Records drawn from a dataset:
──────────────────────────────

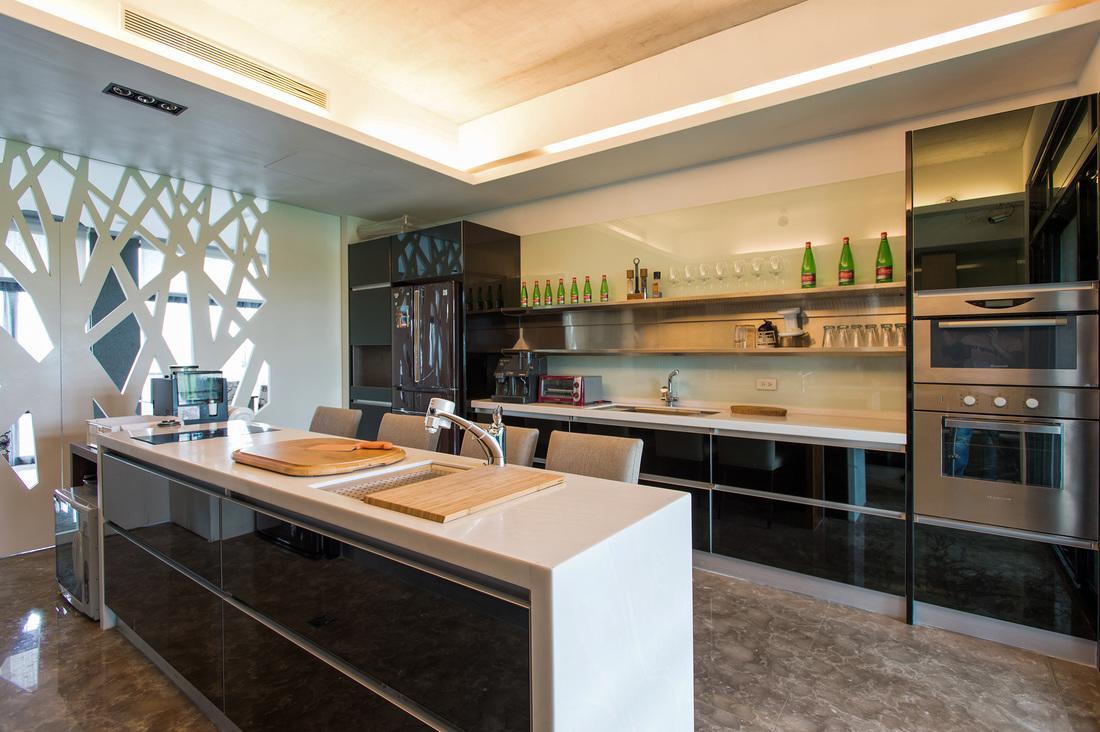Hiten Villa Wujie Εξωτερικό φωτογραφία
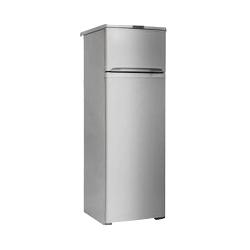 Холодильник Саратов 263 - характеристики и отзывы покупателей.
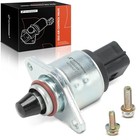 Fuel Injection Idle Air Control Valve Compatible With Subaru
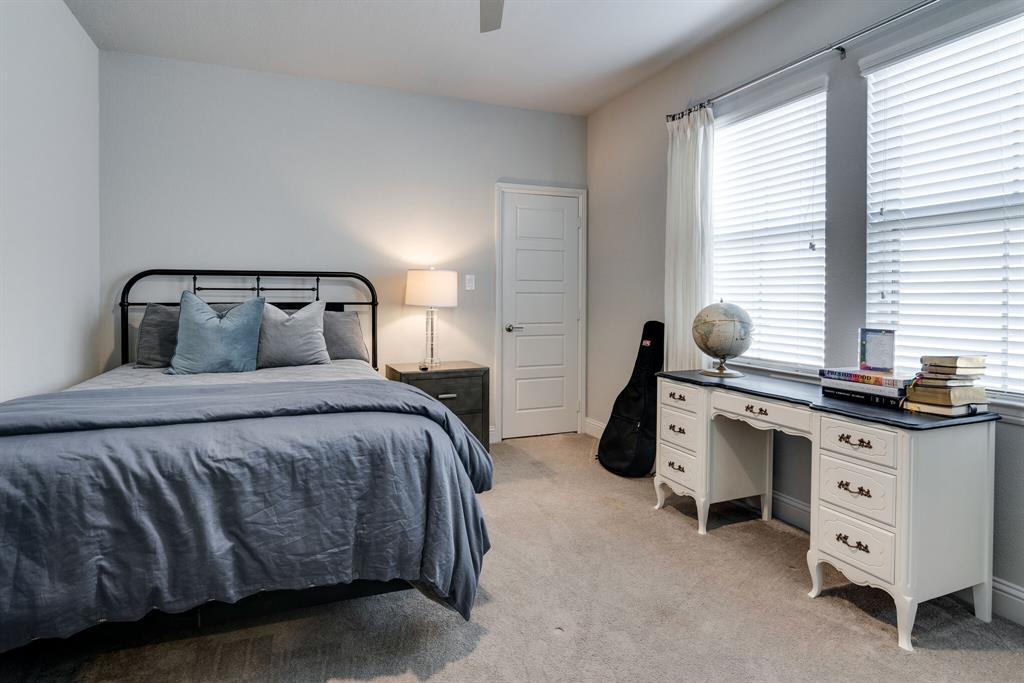 Castle Hills - Ph 11 - Residential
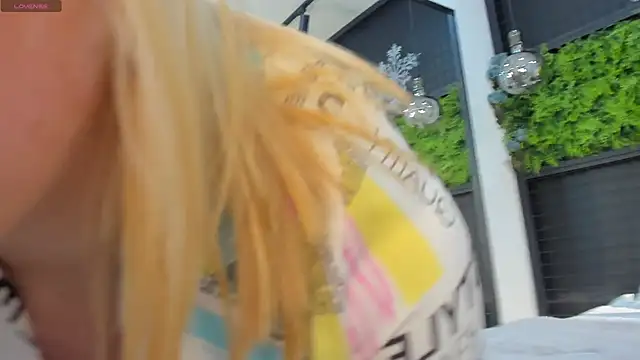 Snapshot of Blue_Angell chatting on March 10, 2025, 10:13 pm Blue Angell online show from March 10, 2025, 10:13 pm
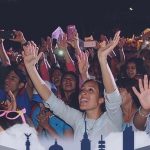 9DC5D1AB-42A9-4611-AA6D-8C554E7AA63C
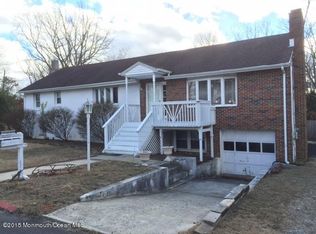 1609 Shore Blvd, Toms River, NJ 08753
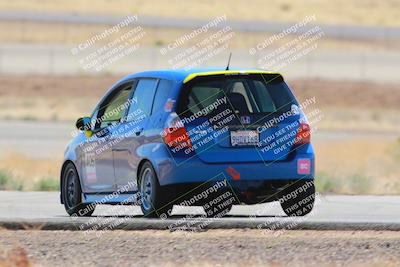 media/Mar-08-2025-Extreme Speed (Sat) [[4abb97269e]]/Purple/Turns 2  and  4 (Session 2)/
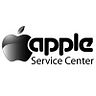 Apple Macintohs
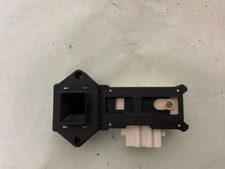 Brandt Sécurité de porte ZV-446L T65 pour lave linge BWF48TCW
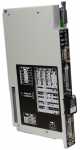 Allen Bradley | PLC-5 | 1771-DMC1 | Image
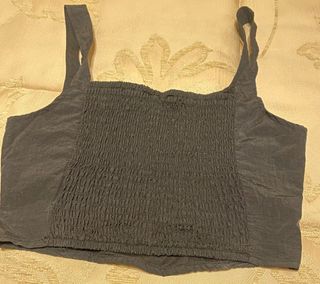 Top h&m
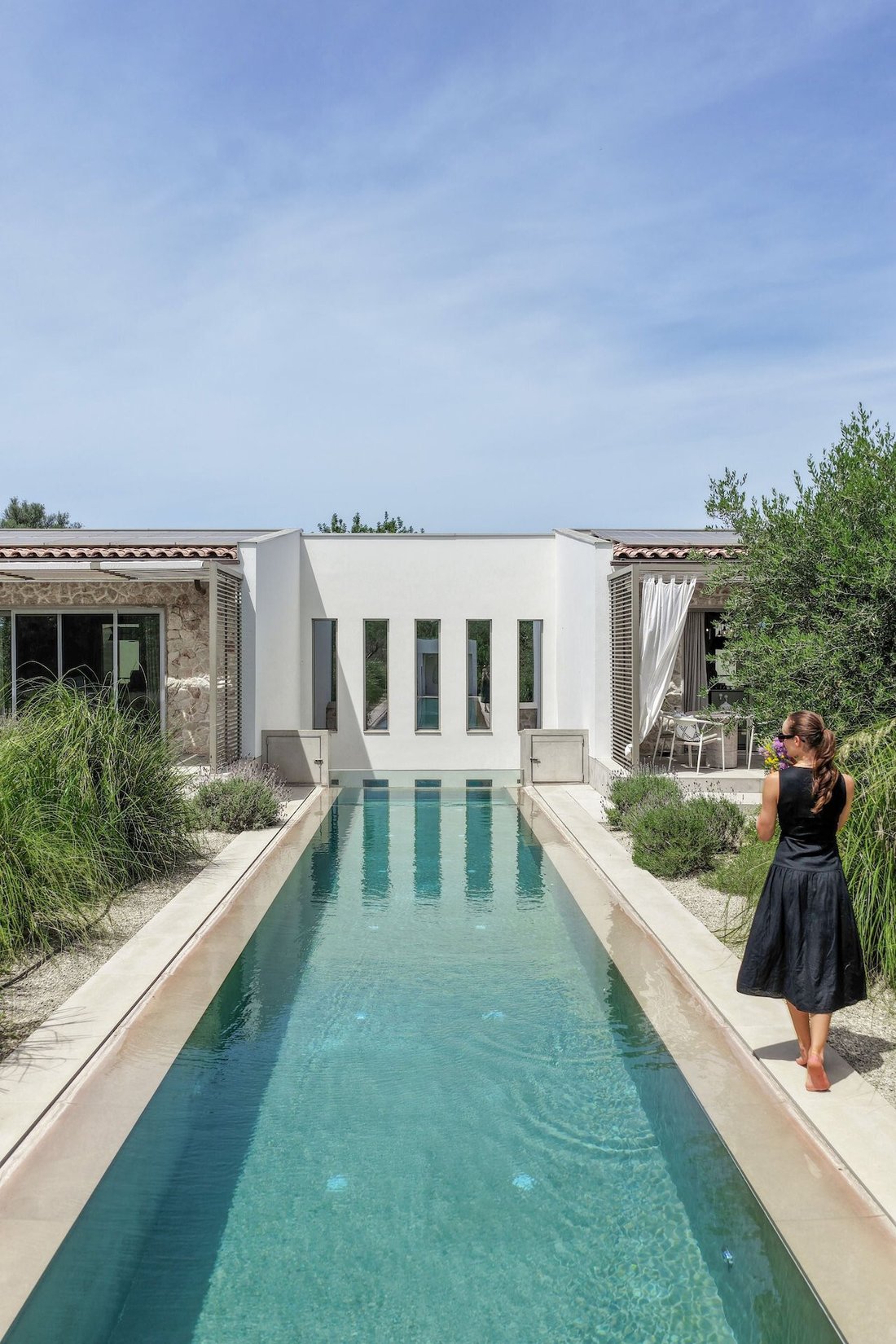 Villa in Selva, Balearic Islands, Spain 2 - 15750341
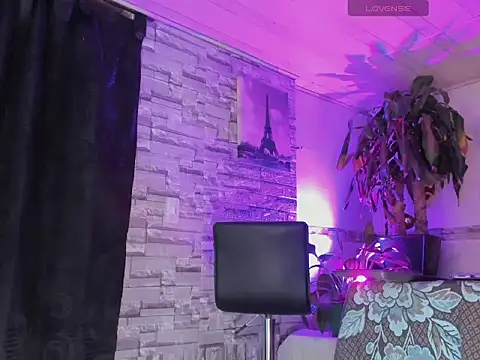 nazareth bigcocksexy online show from May 15, 2026, 10:52 pm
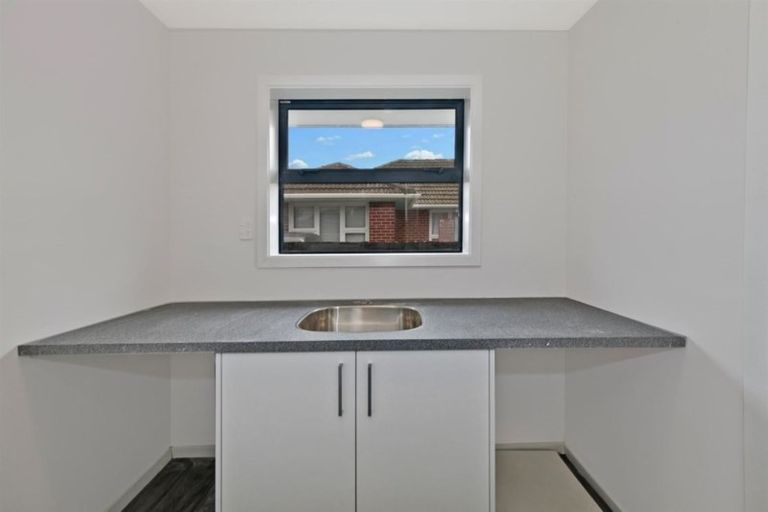 Photo of property in 3 Rollesby Street, Hoon Hay, Christchurch, 8025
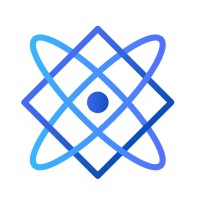 Smart Ads logo - Similar company to Figr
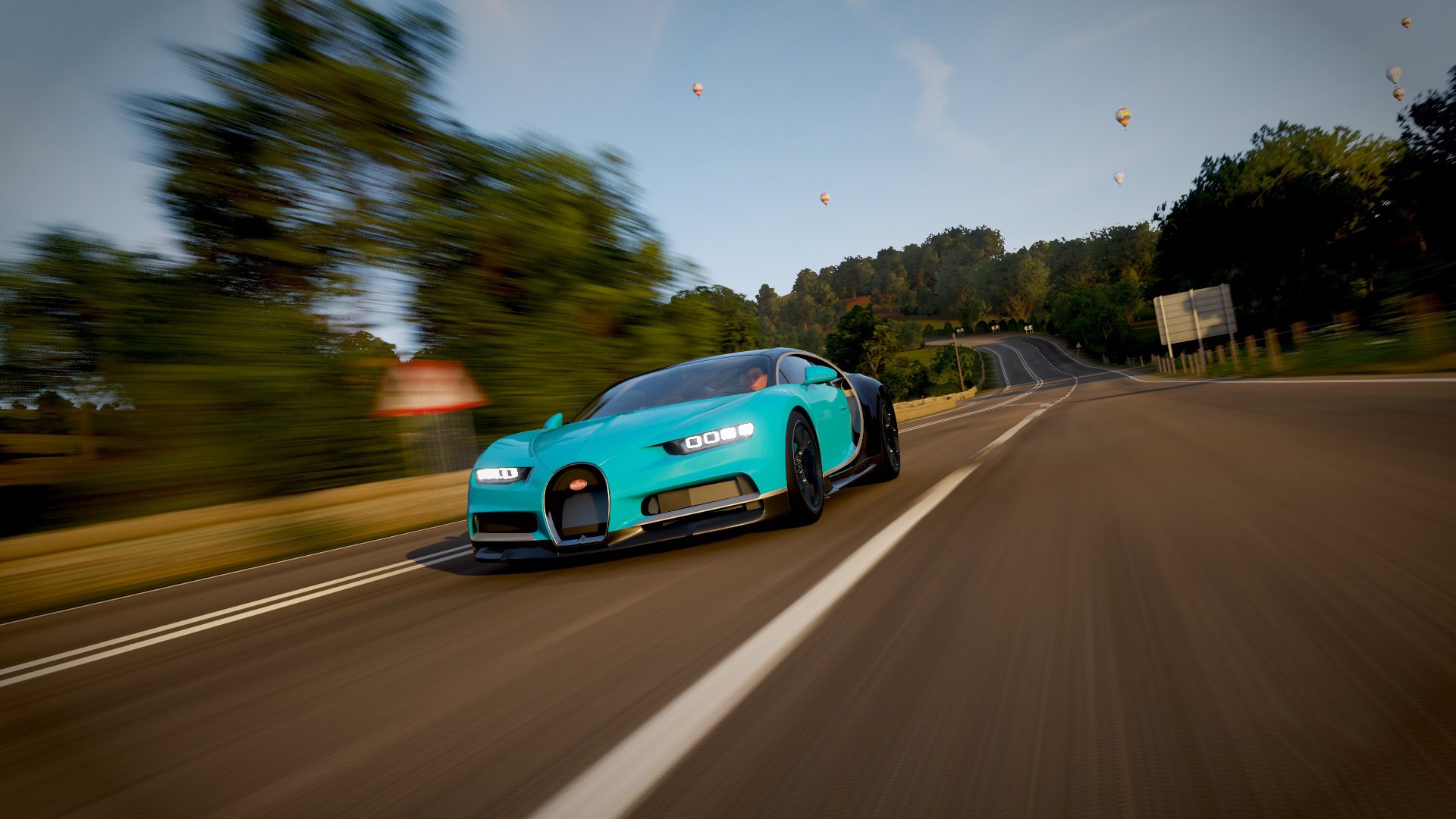 中国足球俱乐部联动地方社区推进青训计划,足协青训中心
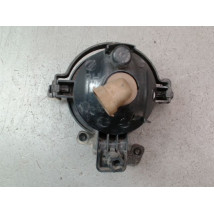 PHARE ANTIBROUILLARD AVANT DROIT HYUNDAI GETZ Phase 2 2005-2010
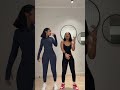 fast fast dance challenge trending #amapiano #amapianodance #amapianodancechallenge #amapianoplug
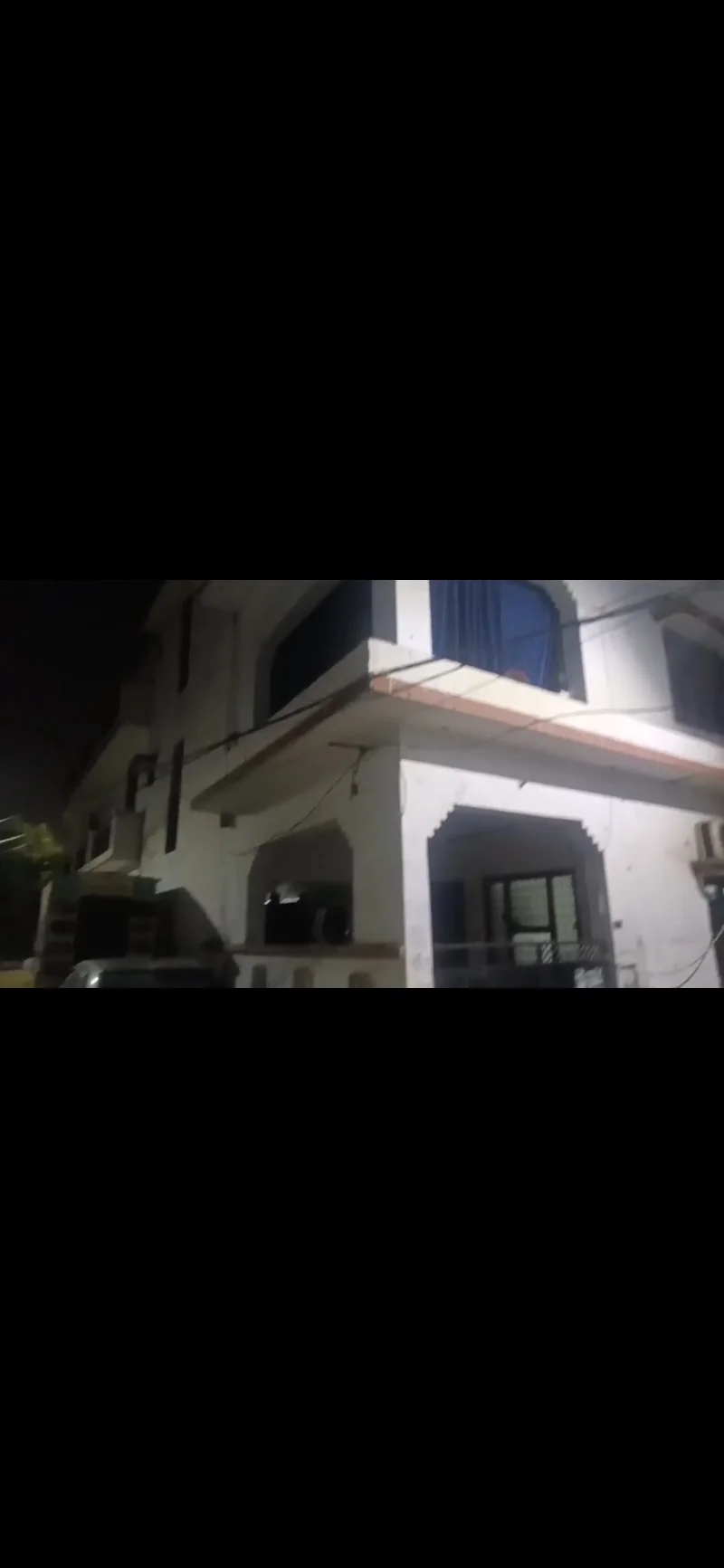 3 BHK Independent House for Sell in Gomti Nagar Lucknow - Photo 1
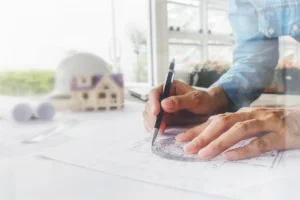 Cómo homologar estudios de arquitectura en Barcelona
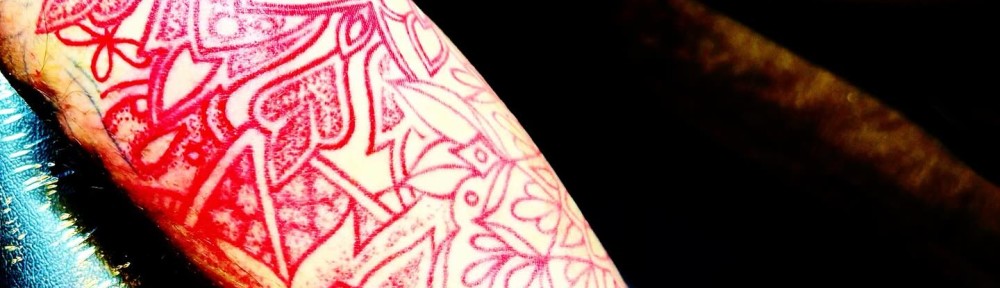 472041130_18481487029012978_6369577301717311075_n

──────────────────────────────

- _EXERCISE AIM_
Starting at the line that contains "Photo of property", write out every line through the final line of the entries, word for word; skip any pictures.

- _RESULT OF THIS EXERCISE_
 Photo of property in 3 Rollesby Street, Hoon Hay, Christchurch, 8025
 Smart Ads logo - Similar company to Figr
 中国足球俱乐部联动地方社区推进青训计划,足协青训中心
 PHARE ANTIBROUILLARD AVANT DROIT HYUNDAI GETZ Phase 2 2005-2010
 fast fast dance challenge trending #amapiano #amapianodance #amapianodancechallenge #amapianoplug
 3 BHK Independent House for Sell in Gomti Nagar Lucknow - Photo 1
 Cómo homologar estudios de arquitectura en Barcelona
 472041130_18481487029012978_6369577301717311075_n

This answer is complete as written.